Closed andrewboie closed 4 years ago
If you don't disable icount and just change the timeslice default I found one test that failed reliably:
apboie@apboie-mobl4:~/projects/zephyr2/zephyr master /home/apboie/projects/zephyr2/zephyr
$ git diff
diff --git a/kernel/Kconfig b/kernel/Kconfig
index 702d908d4b..fc94ca3111 100644
--- a/kernel/Kconfig
+++ b/kernel/Kconfig
@@ -404,7 +404,7 @@ config TIMESLICING
config TIMESLICE_SIZE
int "Time slice size (in ms)"
- default 0
+ default 1
range 0 2147483647
depends on TIMESLICING
help
I then ran sanitycheck -T tesks/kernel
to see what shakes out.
I then got a reproducible failure in tests/kernel/sched/deadline/kernel.scheduler.deadline on qemu_riscv32 where we are also jumping to an illegal location:
*** Booting Zephyr OS build zephyr-v2.3.0-1056-g568211738d30 ***
Running test suite suite_deadline
===================================================================
START - test_deadline
E: Exception cause Illegal instruction (2)
E: Faulting instruction address = 0x204060ac
E: ra: 0x204061a8 gp: 0x00000000 tp: 0x00000000 t0: 0x00000000
E: t1: 0x00000000 t2: 0x00000000 t3: 0x00000000 t4: 0x00000000
E: t5: 0x00000000 t6: 0x00000000 a0: 0x000186a0 a1: 0x00000000
E: a2: 0x204066f8 a3: 0x00000021 a4: 0x00000000 a5: 0x00000008
E: a6: 0x00000000 a7: 0x00000000
E: >>> ZEPHYR FATAL ERROR 0: CPU exception on CPU 0
E: Current thread: 0x800004d8 (unknown)
E: Halting system
Looking through test configurations, we do not have any dedicated tests for timeslicing.
correction, schedule_api test sets this, we do have some coverage. It doesn't change the default of 0 which means the slices are infinitely large though but there is some runtime adjustments made.
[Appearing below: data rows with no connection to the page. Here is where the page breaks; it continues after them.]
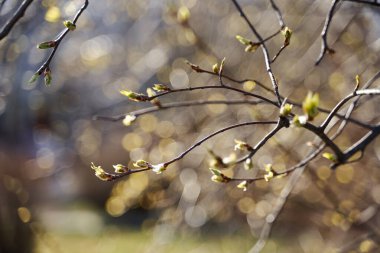 Bahar filizleri ve güneşin altındaki ağaçlarda genç tomurcuklar. Bokeh 'te güzel bir bulanıklık var.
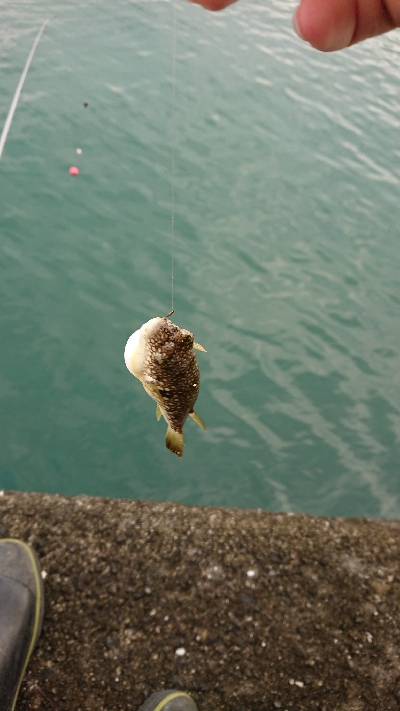 須崎漁港フカセ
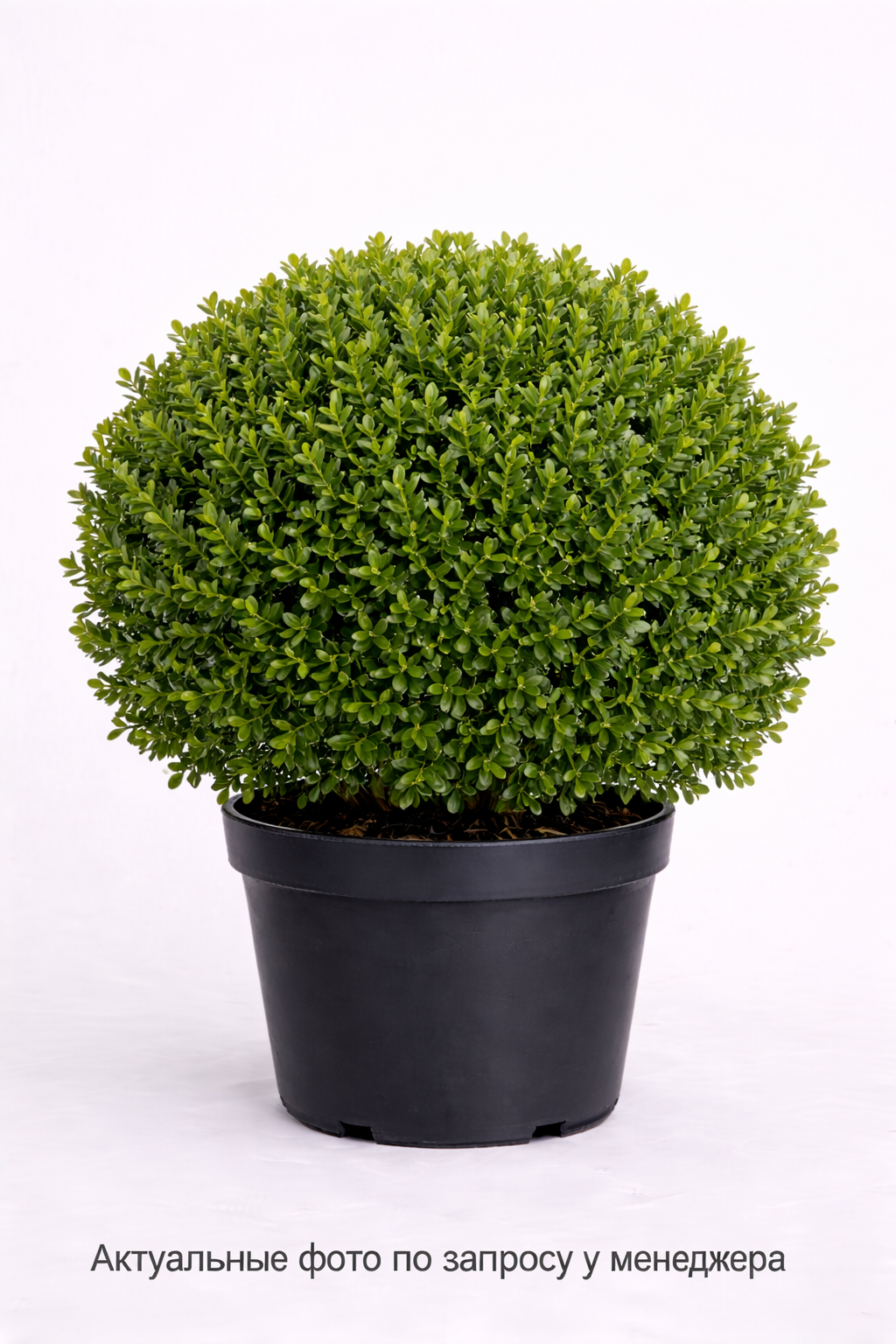 Самшит вечнозеленый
Found something interesting.
I ran some sanitycheck with this revision of https://github.com/andrewboie/zephyr/tree/this-should-not-happen-27533 which is a version of https://github.com/zephyrproject-rtos/zephyr/pull/27995 plus this patch applied:
diff --git a/kernel/Kconfig b/kernel/Kconfig
index 3e72f4acfd..d80d79e4d1 100644
--- a/kernel/Kconfig
+++ b/kernel/Kconfig
@@ -400,7 +400,7 @@ config TIMESLICING
config TIMESLICE_SIZE
int "Time slice size (in ms)"
- default 0
+ default 5
range 0 2147483647
depends on TIMESLICING
help
The test tests/kernel/mem_protect/sys_sem fails like so. Thankfully we have icount and it does it every time:
START - test_sem_take_multiple
ASSERTION FAIL [0] @ WEST_TOPDIR/zephyr/kernel/thread_abort.c:47
should never get here
E: r0/a1: 0x00000004 r1/a2: 0x0000002f r2/a3: 0x00000000
E: r3/a4: 0x00000000 r12/ip: 0x00000000 r14/lr: 0x0000771b
E: xpsr: 0x61000000
E: Faulting instruction address (r15/pc): 0x0000b406
E: >>> ZEPHYR FATAL ERROR 4: Kernel panic on CPU 0
E: Current thread: 0x200005c0 (unknown)
E: Halting system
qemu-system-arm: terminating on signal 2
ninja: build stopped: interrupted by user.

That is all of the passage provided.